Finances are arguably one of the most important aspects of a person’s life. The ability to manage money, create a budget, and stay out of debt has a direct impact on a person’s overall success.
Given the education level most people have today, it never ceases to amaze me how many people end up in financial trouble. All our lives we are taught various forms of math, from basics (addition) to more advanced and complicated methods (calculus). With math built into not only high school curriculum but college general education requirements, it is shocking to me that so many people lack the ability to get their finances in check. You would think knowing such complex methods of mathematics would make personal finance seem simple. Apparently, it doesn’t.

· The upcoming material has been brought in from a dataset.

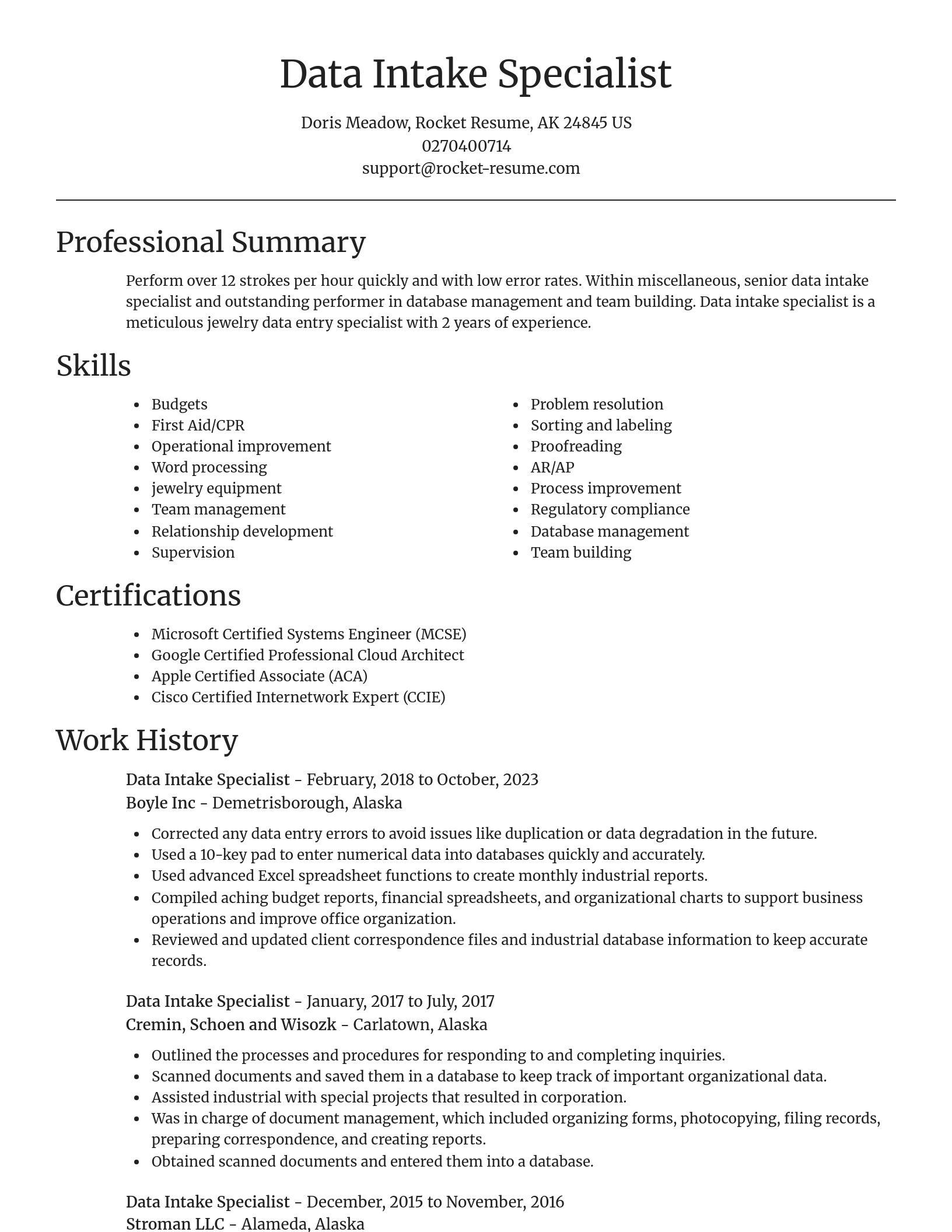 Focal Point resume template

What baffles me is that the government made curriculum does not mandate that any student take a course on personal finance. Let’s face it, very few of us take our knowledge of calculus or trigonometry into the world. No one really cares if they have the ability to calculate how tall a flag pole is. What people do care about (or should care about) is their ability to manage their money.
Currently, the most common classes taught in high schools across the nation include:
Which class a student takes is dependent upon their skill level in math. Each course lasts the duration of a year. But what if these classes were replaced by more practical, life-skills math classes? And if they were, what classes would replace them?

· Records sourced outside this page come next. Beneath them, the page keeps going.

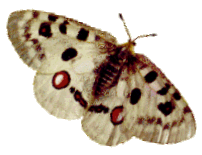 Apollofalter
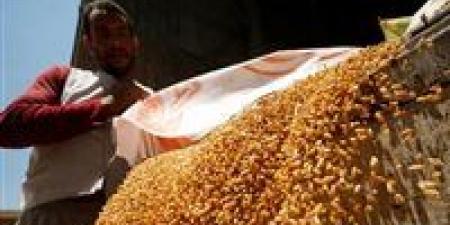 مصر تستورد 12.3 مليون طن قمح في 2025 رغم تراجع الحكومة 30%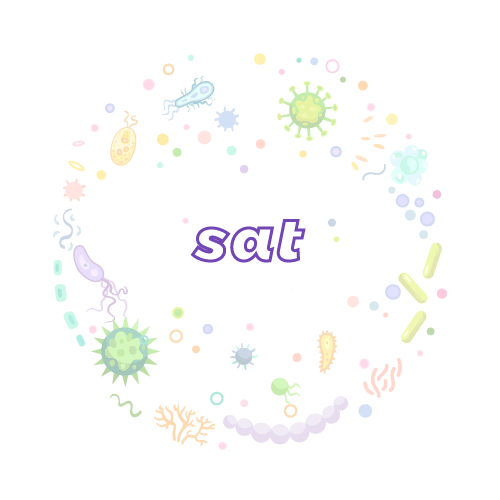 抗性基因 微生物基因检测试剂盒-sat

Here are four classes that should be taught instead to help younger generations learn to manage their money better:
Budgeting– An overview of budgeting (how to create a budget, how to cut back on expenses, how to determine the difference between fixed and flexible expenses, and how to spend less than you make)
Cash Flow (Pre-Requisite = Budgeting)– An overview of gaining a clear idea of what your financial future looks like and how to make sure you don’t go into debt
Taxes– An overview of the confusing world of taxes (including what forms you need for different occupational statuses (i.e. self employed, full-time employee, etc), how to calculate how much you will owe in taxes, the different tax brackets, the differences between federal and state taxes, and deductions)
Investing– An overview of all investment options (including but not limited to stocks, bonds, real estate, and retirement)
There are many other courses that could be taught to students including courses on credit, loans, debt reduction, and frugality. Why these types of courses are not taught to high school and college students is completely beyond me.
If any of the above finance courses were taught to students, I believe without a doubt that people would be more financially savvy and responsible, but until the curriculum is changed, people are going to keep getting themselves into debt, be clueless on how to manage their money, and have a hard time being successful.